Willkommen auf der Fopadech
August 8 in Spain ⋅ ☀️ 32 °C
Heute beginnt die eigentliche Geschichte: unser Segeltörn rund um Mallorca.
Drei Paare. Eine Woche. Ein Segelboot. Einmal um die Insel herum – und als kosmischer Höhepunkt die totale Sonnenfinsternis. Man könnte sagen: Die Rahmenbedingungen für ein kleines Abenteuer sind ganz ordentlich.
Mit an Bord dieser Reise:
Wanderwolf & Mondwölfin – also Thorsten und Jana, unterwegs zwischen Neugier, Fernweh und der gelegentlichen Frage, was wohl hinter der nächsten Kurve wartet.
Dazu Roland als unser Skipper & Gaby sowie Bernd & Claudia – gemeinsam sechs Menschen, sechs Persönlichkeiten und vermutlich mindestens ebenso viele Vorstellungen davon, was eine gute Reise ausmacht.
Für ein paar Tage teilen wir Wege, Erlebnisse, Geschichten, Essen, Getränke und hoffentlich jede Menge Momente, an die wir uns noch lange erinnern werden.
Für die letzten Vorbereitungen, bevor es dann an Bord geht, teilten wir uns auf. Während Bernd und die Damen zunächst einen nahegelegenen Supermarkt plünderten, um unsere Vorräte für die kommenden Tage sicherzustellen, warteten Roland und ich darauf, endlich unser schwimmendes Zuhause übernehmen zu dürfen.
Die Fopadech.
Schon beim Namen stellte sich natürlich die Frage: Was um alles in der Welt bedeutet eigentlich Fopadech?
Unser Skipper hatte darauf selbstverständlich eine Antwort.

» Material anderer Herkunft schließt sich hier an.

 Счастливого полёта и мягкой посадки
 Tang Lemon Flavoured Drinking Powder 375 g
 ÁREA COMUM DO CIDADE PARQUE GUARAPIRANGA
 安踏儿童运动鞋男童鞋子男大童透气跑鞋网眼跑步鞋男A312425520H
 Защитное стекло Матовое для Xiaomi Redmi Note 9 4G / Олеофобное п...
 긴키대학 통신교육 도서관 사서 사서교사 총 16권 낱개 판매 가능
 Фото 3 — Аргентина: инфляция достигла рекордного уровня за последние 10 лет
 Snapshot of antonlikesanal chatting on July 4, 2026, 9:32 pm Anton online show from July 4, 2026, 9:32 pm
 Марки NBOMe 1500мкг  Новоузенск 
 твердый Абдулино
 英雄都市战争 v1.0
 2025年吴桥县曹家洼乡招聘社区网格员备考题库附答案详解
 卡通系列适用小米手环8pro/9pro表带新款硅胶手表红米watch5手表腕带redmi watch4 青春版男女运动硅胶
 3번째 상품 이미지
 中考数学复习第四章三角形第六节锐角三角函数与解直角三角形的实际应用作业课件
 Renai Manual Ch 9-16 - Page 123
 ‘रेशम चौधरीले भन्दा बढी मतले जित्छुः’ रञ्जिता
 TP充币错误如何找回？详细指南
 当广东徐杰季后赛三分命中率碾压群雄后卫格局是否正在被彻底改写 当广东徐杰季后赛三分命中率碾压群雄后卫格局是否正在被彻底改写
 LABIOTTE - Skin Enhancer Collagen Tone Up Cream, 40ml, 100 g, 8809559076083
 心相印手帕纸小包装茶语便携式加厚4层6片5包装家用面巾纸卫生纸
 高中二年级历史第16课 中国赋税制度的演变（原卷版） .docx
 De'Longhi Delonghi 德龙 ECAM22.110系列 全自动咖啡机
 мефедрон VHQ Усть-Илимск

Der Name stamme aus dem wallonisch-seemännischen Sprachgebrauch des 17. Jahrhunderts. Ursprünglich habe es fou-passe-dèche geheißen – „der Narr, der über das Leck geht“.
Gemeint sei damit der jüngste Mann an Bord gewesen, dem man bei einer undichten Schiffswand die ehrenvolle Aufgabe übertrug, den Rumpf von außen abzudichten.
An einem Tau hängend.
Kopfüber.
Während das Schiff weiterfuhr.
Wer dieses Verfahren dreimal überlebte, durfte sich fortan Fopadech nennen – ein Mensch also, der eine eigentlich unmögliche Aufgabe mit einer bemerkenswerten Mischung aus Unerschrockenheit und fehlendem Selbsterhaltungstrieb erledigt.
Später, so die Geschichte weiter, sei der Begriff in die Häfen der Bretagne gelangt und habe dort seinen spöttischen Charakter verloren. Ein Fopadech sei schließlich einfach derjenige gewesen, den man ruft, wenn alle anderen längst aufgegeben haben.
Eine großartige Geschichte.
Dumm nur, dass davon kein einziges Wort stimmt.
Unser Skipper hatte uns schlicht erstklassiges Seemannsgarn aufgetischt. Aber es war so schön gesponnen, dass wir beschlossen, es nicht mit unnötigen Fakten zu beschädigen.